Clang can build a kernel now. “The kernel can successfully boot to runlevel 5 (aka X + networking) on the Macbook, both on bare metal and in Qemu. The kernel can successfully boot to runlevel 3 on a secondary test machine, a microATX desktop box (Intel Atom). I haven’t tried to start X on this box yet. The kernel can self-host; I am currently running a ‘fourth generation’ self-hosted Linux kernel built by a ‘fourth generation’ Clang.”
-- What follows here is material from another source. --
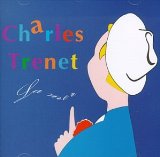 Trenet , Charles - Boum!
Given that Linux fans generally weasel out of criticism by pointing out that the criticism aimed usually at highlevel components of a Linux system don’t apply to “Linux” (which is the kernel), I’m feeling obliged to point out that Clang “can build a kernel” for quite some time now. http://en.wikipedia.org/wiki/Clang states:
2009-02-25 for the FreeBSD kernel.
2009-03-16 for the DragonflyBSD kernel.
2010-02-20 for HelenOS.
It can successfully build Linux now, to adopt the Linux terminology.
By the way, there are some extra characters in the URL
Huh, headline fixed. Weird how the “Linux” bit dropped out of it.
The post notes that neither VDSO or the boot code build correctly with clang. The poster modified the build system to compile these two vital components with GCC. So no, clang can’t quite build a working Linux kernel on its own yet.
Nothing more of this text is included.